(Extracted records)
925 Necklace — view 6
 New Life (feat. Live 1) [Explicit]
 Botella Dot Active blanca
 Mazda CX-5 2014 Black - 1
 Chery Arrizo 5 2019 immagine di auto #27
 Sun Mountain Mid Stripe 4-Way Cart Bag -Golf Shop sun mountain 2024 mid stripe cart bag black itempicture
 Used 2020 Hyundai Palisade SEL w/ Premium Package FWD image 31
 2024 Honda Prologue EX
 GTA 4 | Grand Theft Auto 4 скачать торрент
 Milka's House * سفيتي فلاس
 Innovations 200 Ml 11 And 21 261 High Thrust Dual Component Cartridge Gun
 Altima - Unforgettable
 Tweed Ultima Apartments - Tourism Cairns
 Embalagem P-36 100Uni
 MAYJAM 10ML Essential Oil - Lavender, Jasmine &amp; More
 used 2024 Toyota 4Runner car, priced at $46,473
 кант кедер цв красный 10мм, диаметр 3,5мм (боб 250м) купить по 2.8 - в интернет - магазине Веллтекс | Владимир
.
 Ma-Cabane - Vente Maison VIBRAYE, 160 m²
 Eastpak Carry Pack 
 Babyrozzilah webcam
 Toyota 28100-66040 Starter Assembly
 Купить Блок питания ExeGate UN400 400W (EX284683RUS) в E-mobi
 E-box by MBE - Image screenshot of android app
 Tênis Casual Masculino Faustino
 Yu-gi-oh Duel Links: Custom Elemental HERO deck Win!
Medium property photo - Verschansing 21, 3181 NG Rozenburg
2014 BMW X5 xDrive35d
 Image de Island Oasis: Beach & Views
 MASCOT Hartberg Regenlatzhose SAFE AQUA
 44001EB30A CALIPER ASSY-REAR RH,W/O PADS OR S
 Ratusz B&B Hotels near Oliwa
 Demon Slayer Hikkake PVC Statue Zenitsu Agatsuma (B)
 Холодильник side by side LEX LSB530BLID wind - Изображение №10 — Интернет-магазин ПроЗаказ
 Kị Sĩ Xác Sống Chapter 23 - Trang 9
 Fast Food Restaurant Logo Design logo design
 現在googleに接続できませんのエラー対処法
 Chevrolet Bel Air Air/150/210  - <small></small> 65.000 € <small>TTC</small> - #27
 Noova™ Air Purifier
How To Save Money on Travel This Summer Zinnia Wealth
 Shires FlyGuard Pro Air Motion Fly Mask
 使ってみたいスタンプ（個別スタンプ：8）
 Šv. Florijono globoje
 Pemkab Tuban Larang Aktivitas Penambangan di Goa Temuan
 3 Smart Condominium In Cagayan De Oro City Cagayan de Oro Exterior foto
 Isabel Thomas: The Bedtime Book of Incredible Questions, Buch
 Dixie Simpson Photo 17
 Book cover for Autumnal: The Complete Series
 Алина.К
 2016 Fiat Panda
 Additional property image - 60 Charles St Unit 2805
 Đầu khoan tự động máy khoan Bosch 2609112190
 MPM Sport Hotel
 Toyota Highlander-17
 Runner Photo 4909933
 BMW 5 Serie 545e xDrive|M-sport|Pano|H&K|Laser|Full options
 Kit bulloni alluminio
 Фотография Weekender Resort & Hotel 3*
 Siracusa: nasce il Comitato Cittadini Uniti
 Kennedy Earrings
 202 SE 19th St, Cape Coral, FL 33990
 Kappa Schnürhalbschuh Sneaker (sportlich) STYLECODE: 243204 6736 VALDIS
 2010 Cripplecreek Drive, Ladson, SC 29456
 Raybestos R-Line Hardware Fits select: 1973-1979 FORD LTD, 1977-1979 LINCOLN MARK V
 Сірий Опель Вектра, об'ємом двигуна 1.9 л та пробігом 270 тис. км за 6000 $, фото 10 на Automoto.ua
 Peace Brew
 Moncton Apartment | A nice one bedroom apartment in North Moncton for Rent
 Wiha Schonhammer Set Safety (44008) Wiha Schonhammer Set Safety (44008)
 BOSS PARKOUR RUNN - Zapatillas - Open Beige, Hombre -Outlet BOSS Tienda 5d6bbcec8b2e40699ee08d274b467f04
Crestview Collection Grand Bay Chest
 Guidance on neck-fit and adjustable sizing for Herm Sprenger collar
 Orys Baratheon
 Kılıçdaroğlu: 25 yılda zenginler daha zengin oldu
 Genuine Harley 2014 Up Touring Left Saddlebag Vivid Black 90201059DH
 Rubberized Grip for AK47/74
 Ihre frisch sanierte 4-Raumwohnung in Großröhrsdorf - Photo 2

* _HOW TO COMPLETE THIS TASK_: Search the entries above for the word "property", and copy every line where it occurs.

* _OUTPUT FOR THIS TASK_:
Medium property photo - Verschansing 21, 3181 NG Rozenburg
 Additional property image - 60 Charles St Unit 2805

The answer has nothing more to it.